Fiber at any price

Staff Writer
10 Mar 2006
00:00

 

This is crucial in terms of cost management for both FTTN and FTTH systems, he says.

'In both cases, there are sufficient network elements involved that diagnosing them quickly and accurately is imperative. Mechanisms, such as TR-069 for FTTN and OMCI for GPON are essential for minimizing operational costs,' Van Den Abeele says. 'In addition, subscriber self diagnostics and repair become more important as home networks become more complicated. These represent the most challenging aspects of deploying FTTN and FTTH.'

The cost issues of deploying FTTN or FTTH can perhaps best be illustrated by comparing fiber rollouts in China and Japan. In China, China Telecom, China Netcom and ISP Great Wall have been deploying FTTN/C + LAN architectures and have found it a very cost-effective option since they're chiefly targeting multiple-dwelling units, says In-Stat's Liu.

'With FTTC or FTTN, you're just rolling one fiber cable to a residential building and then using it to serve many subscribers in the same building, so the cost is not all that high,' he says.

The fact that it's shared bandwidth across a LAN in the building means additional cost savings, he adds. 'A service provider will claim that they are offering 10 Mbps or 100 Mbps, but in reality that will depend on how many users are online. That makes it easier to control their bandwidth costs, and it also allows them to offer the service at an affordable price, around $10 a month.'

In Japan, where operators are deploying FTTH, it's a different story, Liu says.

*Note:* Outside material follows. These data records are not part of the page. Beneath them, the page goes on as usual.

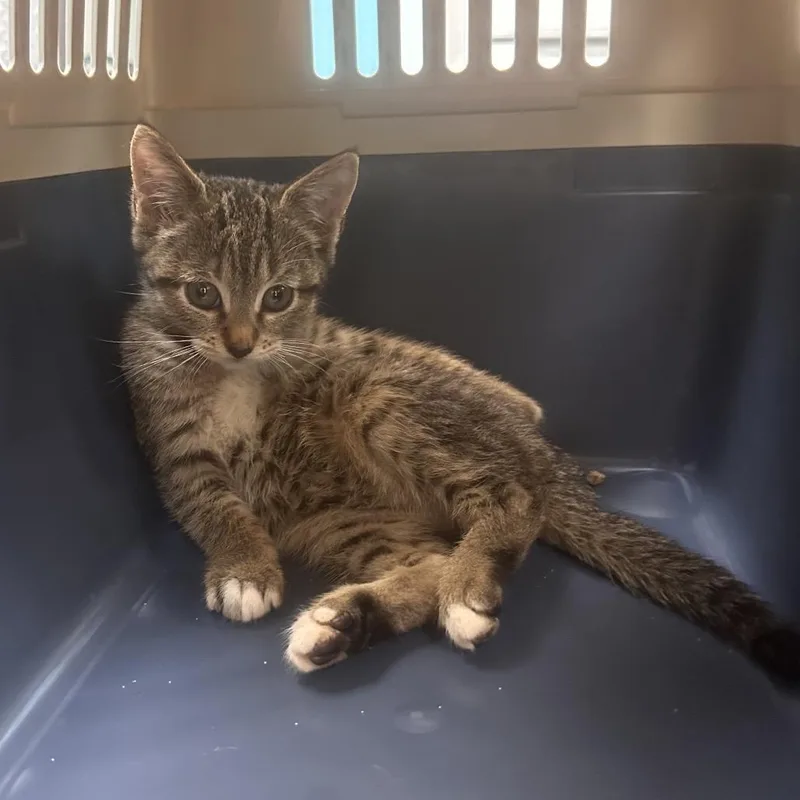 A baby small-sized female Domestic Short Hair cat named Destiny for adoption in Newark, NJ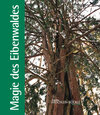 Buchcover Magie des Eibenwaldes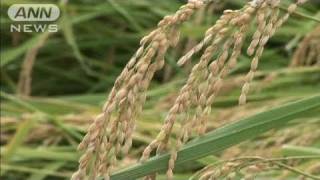 新米価格が最低水準に　猛暑で収穫は「やや不良」（10/10/29）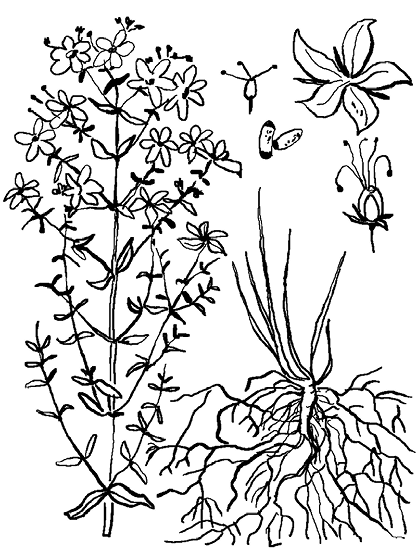 Зверобой продырявленный чб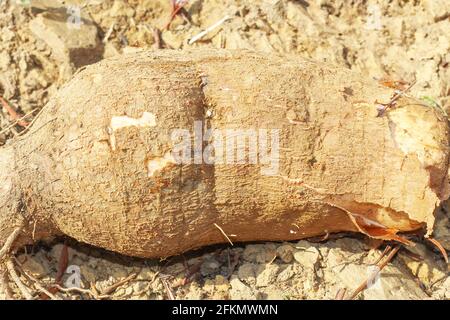 big manioc or tapioca plant, genus Manihot,Cassava in garden ( in laos ) asia Stock Photo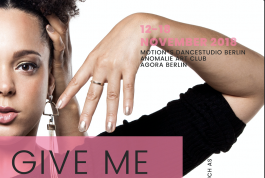 House Of Saint Laurent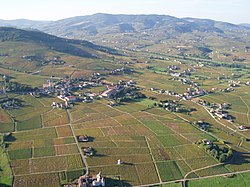 Skyline of Quincié-en-Beaujolais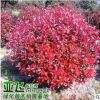 基地苗圃直銷大量批發紅葉石楠球 花灌木 規格多現貨石楠球苗木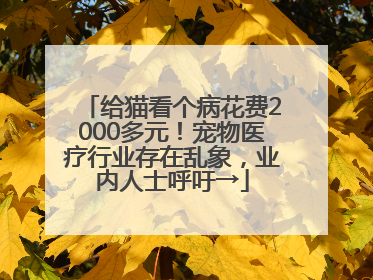 给猫看个病花费2000多元！宠物医疗行业存在乱象，业内人士呼吁→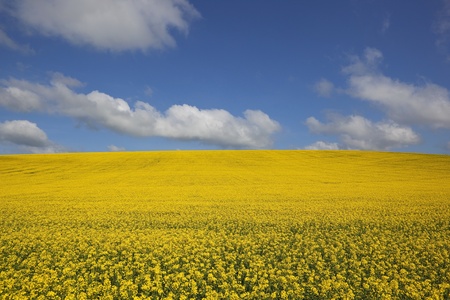 golden yellow canola fields under a blue sky with fluffy clouds の写真素材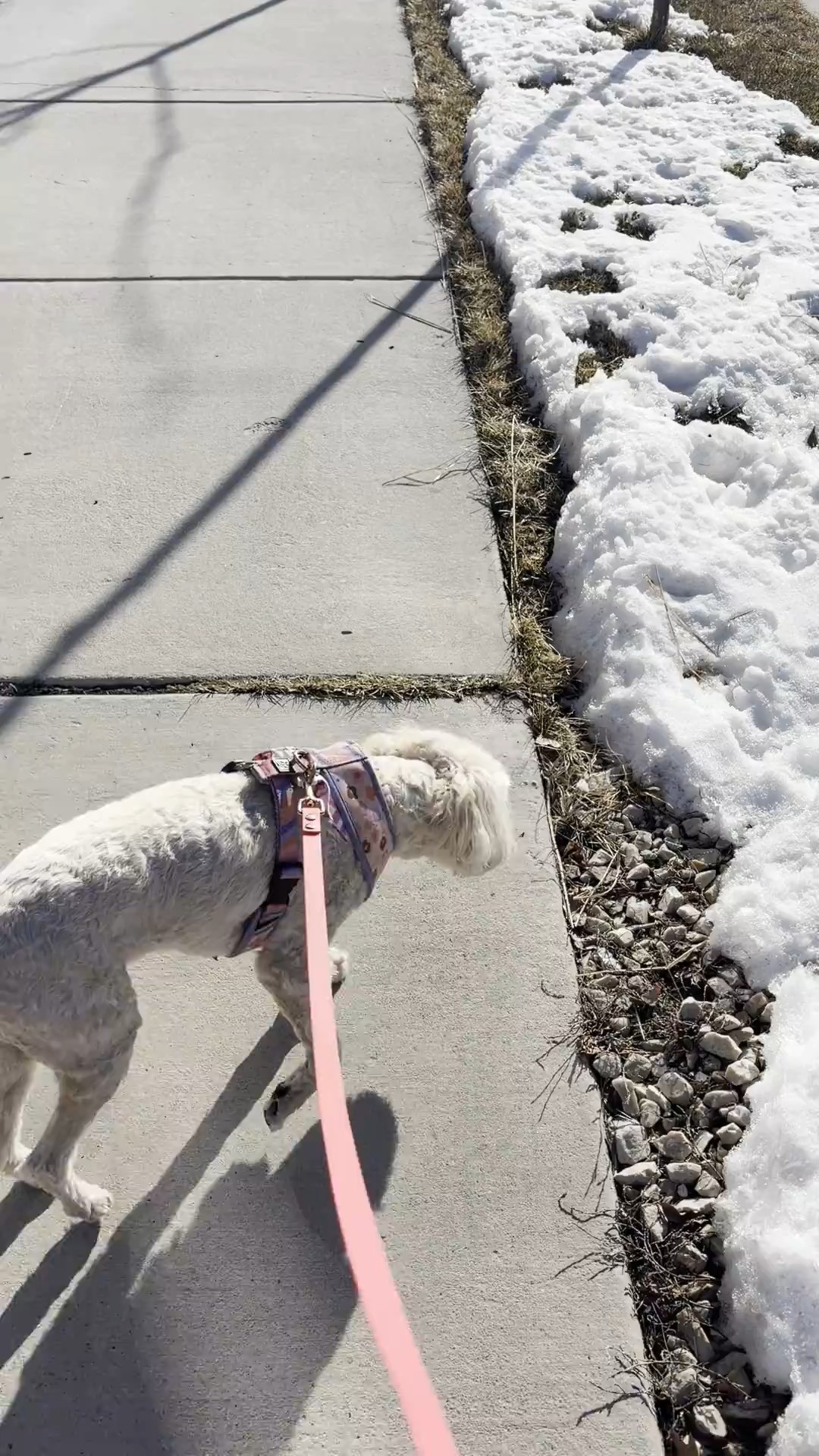 #LTKmomlife #LTKdayinmylife #LTKfitnessgoals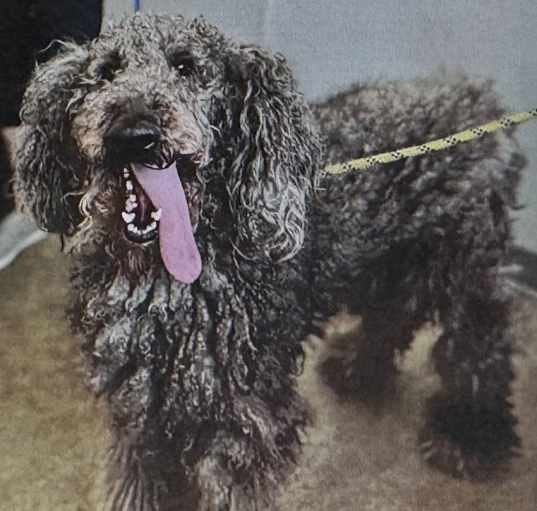 Photo of Odin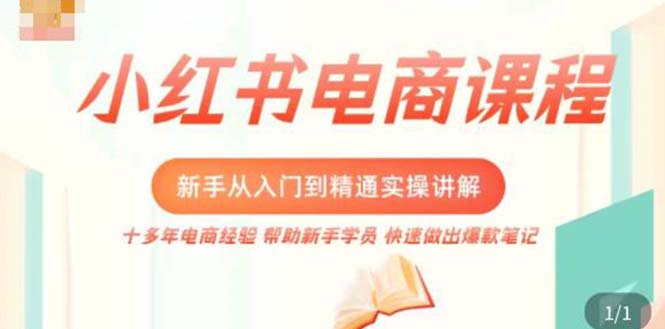 小红书电商新手入门到精通实操课，从入门到精通做爆款笔记，开店运营-小哥网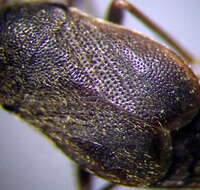 صورة Stygnocoris rusticus (Fallen & C. F. 1807)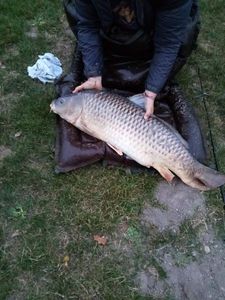Common Carp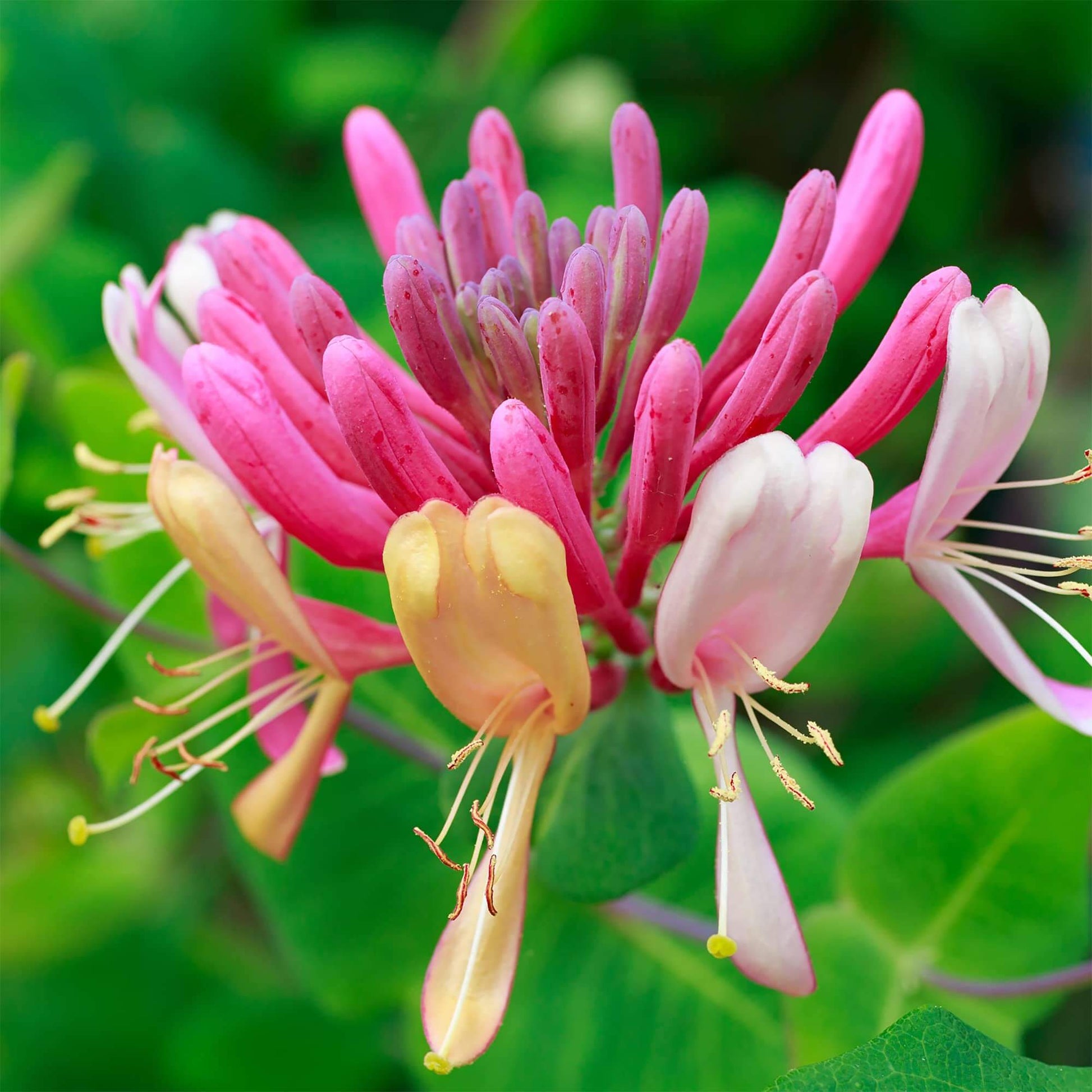 Lonicera Seeds – Wildflower Mix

'FTTH is expensive because you have to dedicate bandwidth to each customer, but they have to do it anyway because competition for broadband service is so fierce that a service provider has to be able to provide 100 Mbps if it wants to be competitive,' he explains. 'That makes it harder to keep the costs down.'

That said, Liu notes, Japanese players have the advantage of the Japanese government's initiatives to connect the entire country with fiber before the end of the decade. 'They offer a no-interest loan subsidy to service providers for network construction. That's why they can afford to roll out a more expensive network.'

Governments are playing an important part in driving fiber in other markets as well, such as South Korea and several European markets. But even in markets where regulators are neutral about technology, some service providers are opting for fiber regardless of the cost because of the competitive differentiation.

'In Hong Kong, PCCW has been quite aggressive with DSL and IPTV, so the other service providers must follow them but be able to compete against them, and FTTx is a way to do that. But they have to bear the cost of FTTx,' Liu says.

New revenues needed

That raises the question of how sustainable such expensive rollouts will be - hence the emphasis on keeping opex costs down as much as possible. However, that will be tricky as bandwidth demand - and thus the cost of provisioning it - continues to climb. As such, says Liu, FTTx operators will have to make up the difference with revenue-generating value-added services to cover their expenses.